Federico Santopinto nous décrit « l’armée mexicaine de l’Union européenne » :
« Les nominations du Belge Van Rompuy et de la Britannique Ashton confirment que les États membres veulent conserver le contrôle de la politique extérieure commune. En créant des postes sans clarifier les institutions, le traité de Lisbonne, laborieusement ratifié et confus, a transformé la direction de l’Union en armée mexicaine. »

Mathilde Goanec a découvert des « fantômes russes dans l’isoloir ukrainien » :
« Parmi les pays les plus touchés par la crise financière, l’Ukraine a sollicité à la mi-décembre une avance de 2 milliards d’euros auprès du FMI. Elle craint de ne pouvoir verser les retraites et les salaires de la fonction publique, ni régler ses factures énergétiques à la Russie, au risque de relancer la " guerre du gaz " . Les relations avec Moscou sont au coeur des enjeux de l’élection présidentielle du 17 janvier. »

Pour Francis Ghilès, le « non-Maghreb » coûte cher au Maghreb :

« Le conflit du Sahara occidental représente toujours l’un des obstacles majeurs à une coopération indispensable entre le Maroc et l’Algérie, freinant les échanges régionaux qui pourraient se développer conjointement avec la Tunisie.
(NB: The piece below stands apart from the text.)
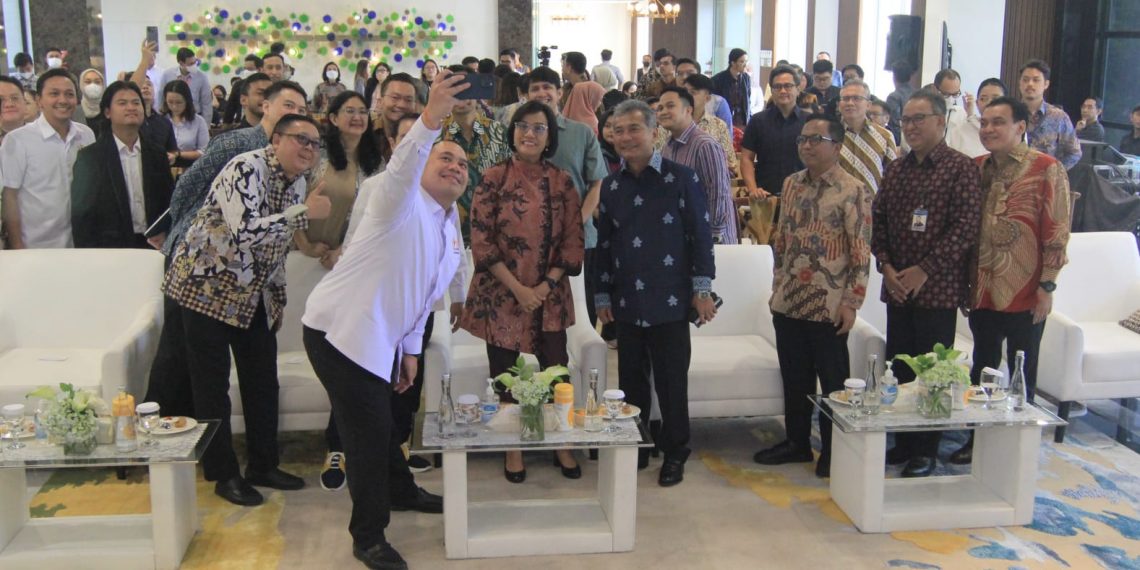 UU PPSK Percepat Inovasi Keuangan Finansial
Pourtant, une complémentarité existe entre les trois pays et, si elle était encouragée par l’Union européenne, une collaboration politique et économique aiderait à résoudre bien des problèmes de la rive sud de la Méditerranée. »
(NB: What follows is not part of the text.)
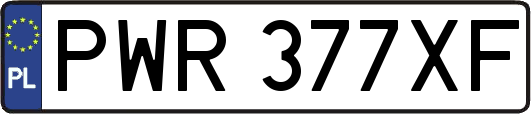 PWR377XF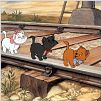 Les Aristochats : photo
Allan Popelard et Paul Vannier expliquent pourquoi Detroit est une « ville afro-américaine qui rétrécie » :

« Ancienne capitale mondiale de l’automobile, Detroit n’a cessé de perdre de sa puissance. Et de sa population. La crise actuelle n’arrange rien. Les emplois industriels se font rares ; les maisons abandonnées à leurs créanciers se multiplient dans certains quartiers. Malgré tout, cette ville à majorité noire continue de faire confiance au président pour lequel elle a voté. […] Tu sens ? Tu sens cette odeur ? » Dave, la trentaine, habite sur 7 Miles Road, en plein coeur des quartiers pauvres de Detroit, ceinture d’une dizaine de kilomètres de large entre le centre-ville, downtown, identifiable à ses gratte-ciel, et les suburbs, ces banlieues aisées s’étalant à la périphérie de la ville. En face de chez lui, de l’autre côté de la rue, cinq tas de cendres. Autant de maisons qui, il y a deux mois encore, étaient habitées. « Y en a une autre qui a brûlé cette nuit. Toutes les semaines, y en a une de plus qui part en fumée dans le quartier. Les gens font ça pour toucher la prime d’assurance et partent s’installer en banlieue. Plus personne ne veut vivre ici. »

Si 35 % du territoire municipal est inhabité , c’est qu’en un demi-siècle, fait rare dans l’histoire urbaine mondiale, Shrinking City (« la ville qui rétrécit ») a perdu plus de la moitié de sa population, soit près d’un million de personnes . A l’exception des abords de l’université ou de l’heure de la sortie des écoles, seuls quelques piétons errent sur les trottoirs de Woodward, Michigan ou Gratiot, les principales avenues de la ville. Avec la crise des subprimes, son dépeuplement s’est encore aggravé.

" Inde et Pakistan se mesurent en Afghanistan " (Isabelle Saint-Médard) :

« Plus de cent fonctionnaires américains (diplomates et techniciens) ont dû attendre leur cvisa pour le Pakistan. En effet, une partie des dirigeants d’Islamabad - notamment au sein de l’armée - multipliu’ent les obstacles, jugeant excessive la présence croissante des États-Unis et insupportable leur pression sur le pouvoir. Le chaos afghan menace de s’étendre au Pakistan - lequel s’inquiète de l’influence grandissante de l’Inde auprès de Kaboul. »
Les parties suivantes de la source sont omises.